Exercise instructions: Restate every line below word for word, but drop each picture.

Entries supplied:
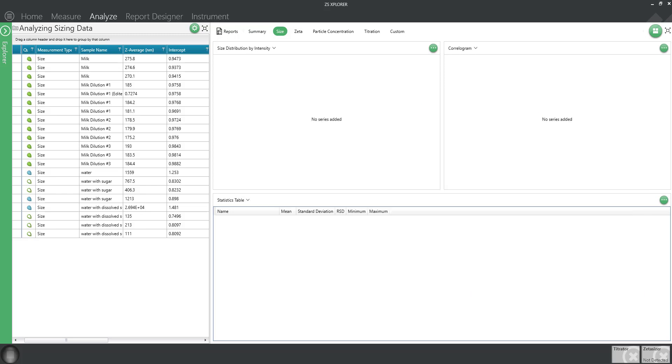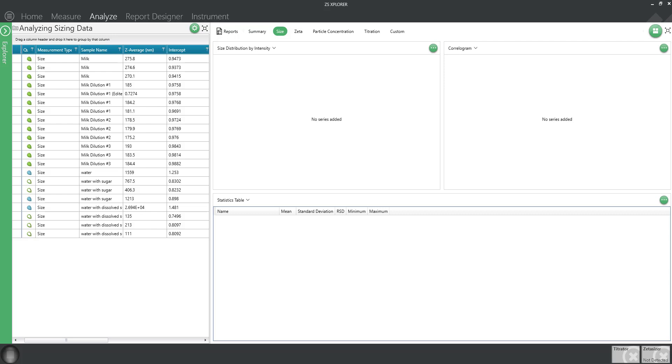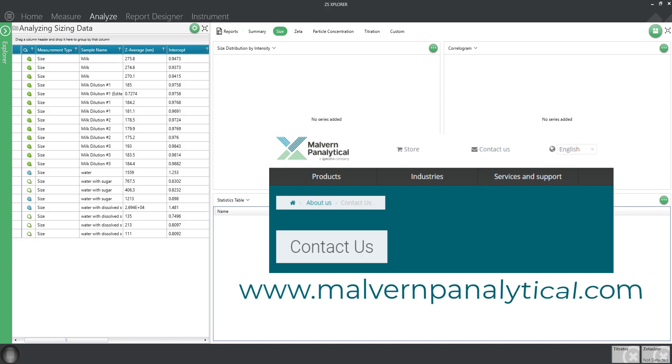Let's discuss exporting raw data files with the file extension .zmes that can be opened in the ZS Explorer software. These are the types of files you can send to our help desk for support if you have a question about your data.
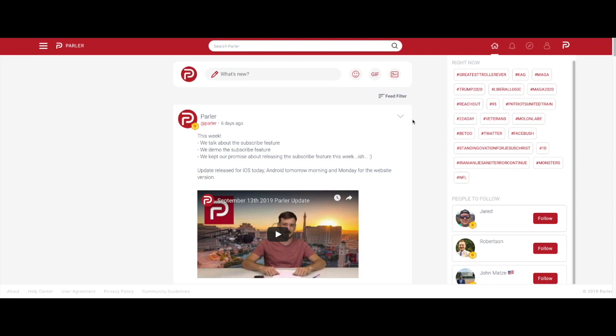This feature allows you to subscribe to receive notifications whenever a user that you follow posts on Parler.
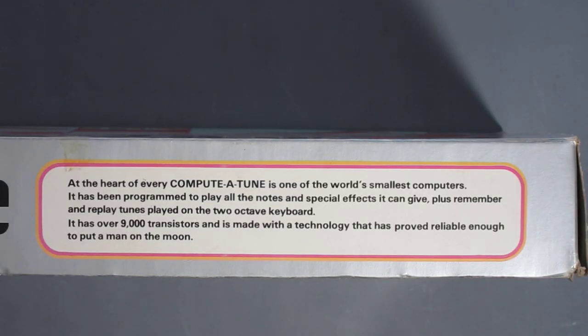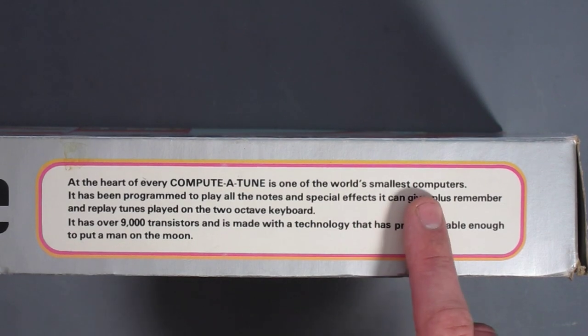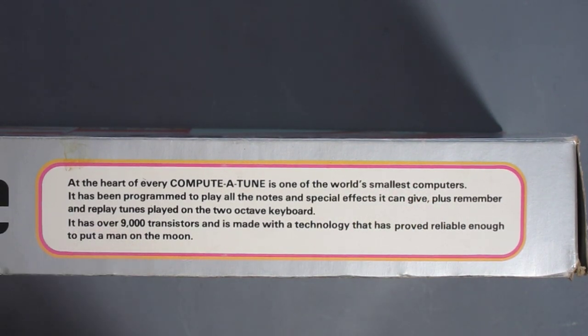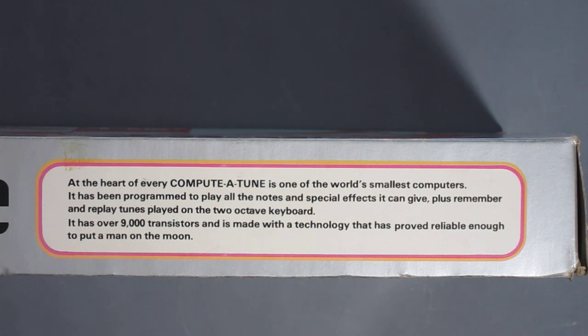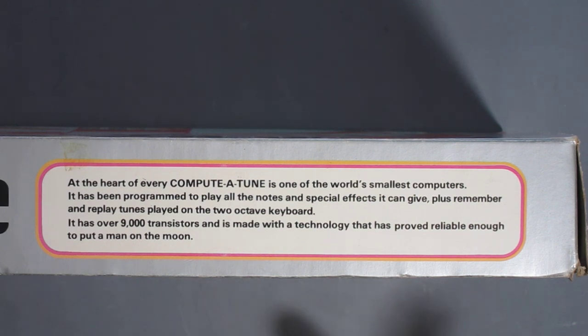Some clue as to its age can be seen on the side of the box as it lists one of the world's smallest computers as having 9,000 transistors. I'm not sure whether this is the CPU or the CPU and the memory, but that would put things around about 1978. It also brags about the fact that the technology is reliable enough to put man on the moon.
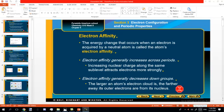Hello, my students in grade 10, and welcome back to a new chemistry lesson. Today we'll continue our periodic properties or periodic trends of the periodic table, and we will study another two new properties, which are the electron affinity and the electronegativity.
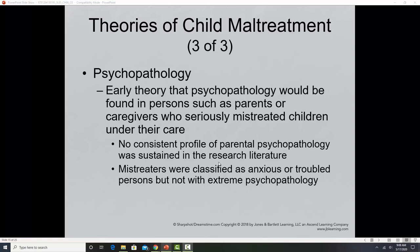Psychopathology as a contributing factor refers to the concept that a parent has some type of mental health issue that contributes to mistreating or abusing their children. This can include depression, anxiety disorders, bipolar disorder, postpartum depression, postpartum psychosis, and substance abuse issues.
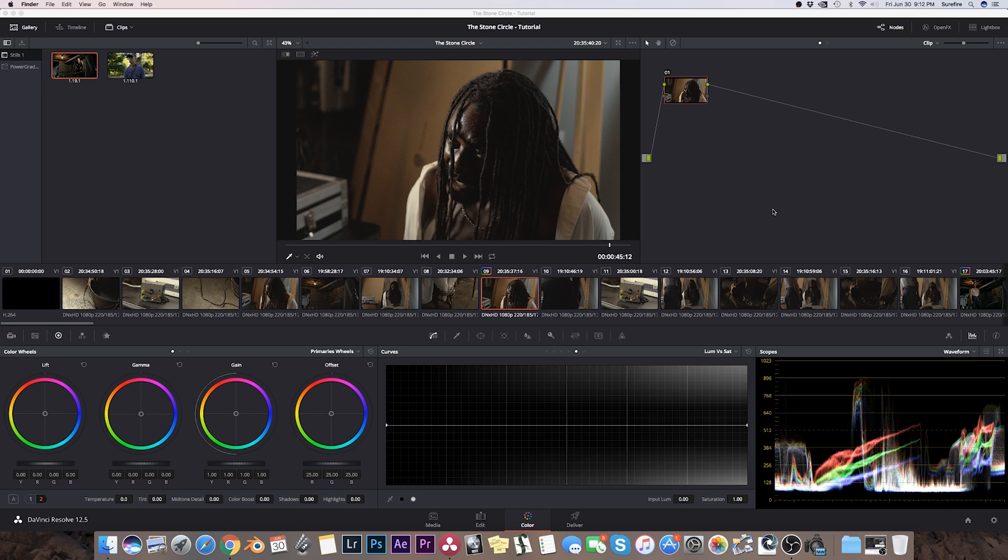This is going to be a super quick tip on the best way of doing white balance in DaVinci Resolve.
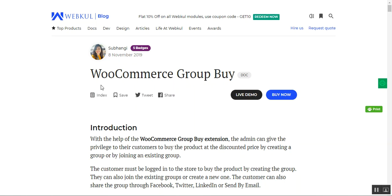Hello and welcome to this new video tutorial of the WooCommerce Group Buy plugin. In today's tutorial, we'll be showing you how customers can purchase products that have been set as group buy from the admin backend panel, and we'll also be showing you how to set up this plugin.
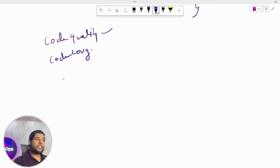They also asked the better option between LoadBalancer and NodePort. I explained LoadBalancer is much better because it does not expose a direct port on the worker node. ClusterIP is used for internal communications, and Ingress is used for external access to applications inside Kubernetes.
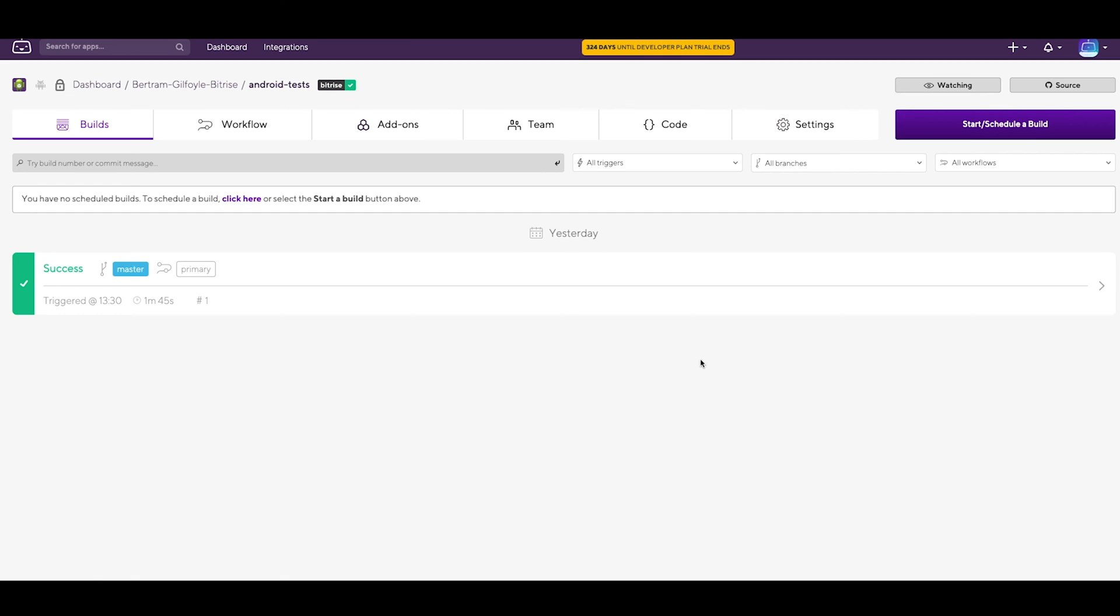If you want to distribute your app to testers or to the Google Play Store, you will need to sign it with a Keystore file for security reasons. Let's see how it's done!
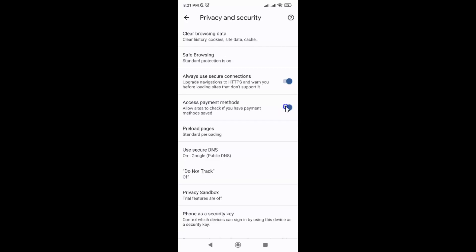Let me show you. Let me tap on it. And you can see it's now turned off.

Exercise response:
Let's discuss exporting raw data files with the file extension .zmes that can be opened in the ZS Explorer software. These are the types of files you can send to our help desk for support if you have a question about your data.
This feature allows you to subscribe to receive notifications whenever a user that you follow posts on Parler.
Some clue as to its age can be seen on the side of the box as it lists one of the world's smallest computers as having 9,000 transistors. I'm not sure whether this is the CPU or the CPU and the memory, but that would put things around about 1978. It also brags about the fact that the technology is reliable enough to put man on the moon.
Hello, my students in grade 10, and welcome back to a new chemistry lesson. Today we'll continue our periodic properties or periodic trends of the periodic table, and we will study another two new properties, which are the electron affinity and the electronegativity.
Psychopathology as a contributing factor refers to the concept that a parent has some type of mental health issue that contributes to mistreating or abusing their children. This can include depression, anxiety disorders, bipolar disorder, postpartum depression, postpartum psychosis, and substance abuse issues.
This is going to be a super quick tip on the best way of doing white balance in DaVinci Resolve.
Hello and welcome to this new video tutorial of the WooCommerce Group Buy plugin. In today's tutorial, we'll be showing you how customers can purchase products that have been set as group buy from the admin backend panel, and we'll also be showing you how to set up this plugin.
They also asked the better option between LoadBalancer and NodePort. I explained LoadBalancer is much better because it does not expose a direct port on the worker node. ClusterIP is used for internal communications, and Ingress is used for external access to applications inside Kubernetes.
If you want to distribute your app to testers or to the Google Play Store, you will need to sign it with a Keystore file for security reasons. Let's see how it's done!
Let me show you. Let me tap on it. And you can see it's now turned off.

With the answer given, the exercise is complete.